PROBLEM REQUIREMENTS:
Please restate the data below word for word, omitting all images.

DATASET EXTRACT:

>>

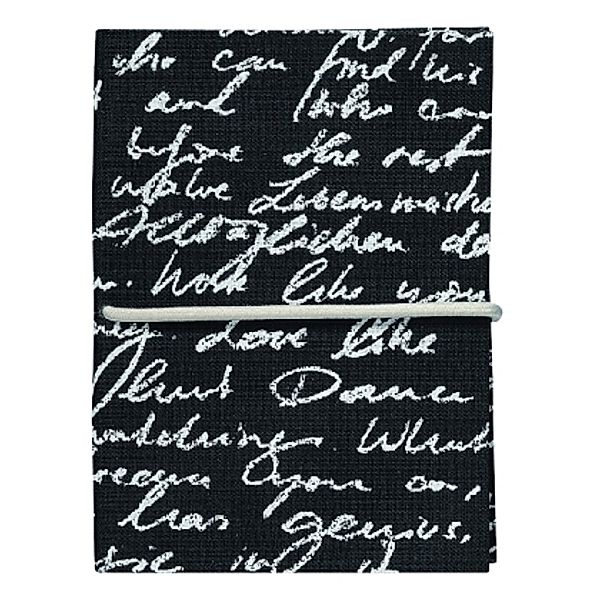 Notizbuch klein Schrift, schwarz gemustert, Räder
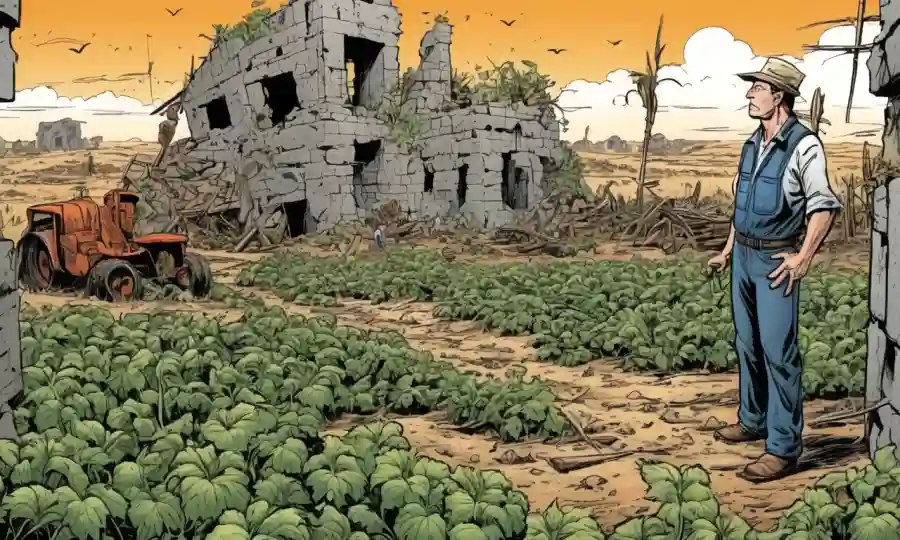 Agricultor en medio de las ruinas de una cosecha fallida, con malas hierbas y mal rendimiento evidente.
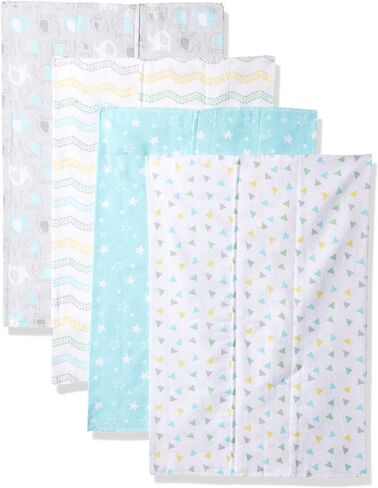 Luvable Friends Unisex Baby Cotton Flannel Burp Cloths, ABC, One Size (Pack of 2) in Saudi Arabia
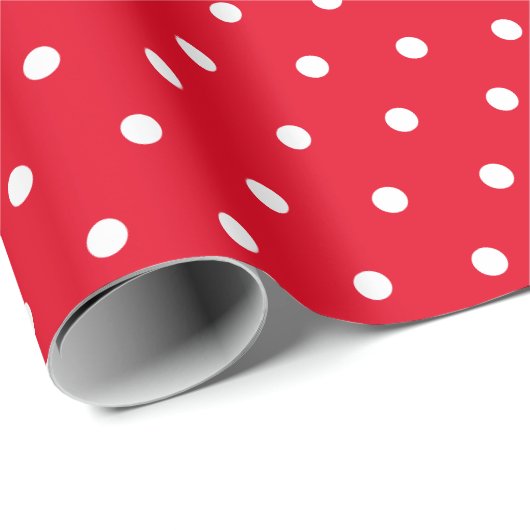 Red & White Small Polka Dot Party Weihnachtsgesche Geschenkpapier (Rolleneckpunkt)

<<

TASK RESULT:
 Notizbuch klein Schrift, schwarz gemustert, Räder
 Agricultor en medio de las ruinas de una cosecha fallida, con malas hierbas y mal rendimiento evidente.
 Luvable Friends Unisex Baby Cotton Flannel Burp Cloths, ABC, One Size (Pack of 2) in Saudi Arabia
 Red & White Small Polka Dot Party Weihnachtsgesche Geschenkpapier (Rolleneckpunkt)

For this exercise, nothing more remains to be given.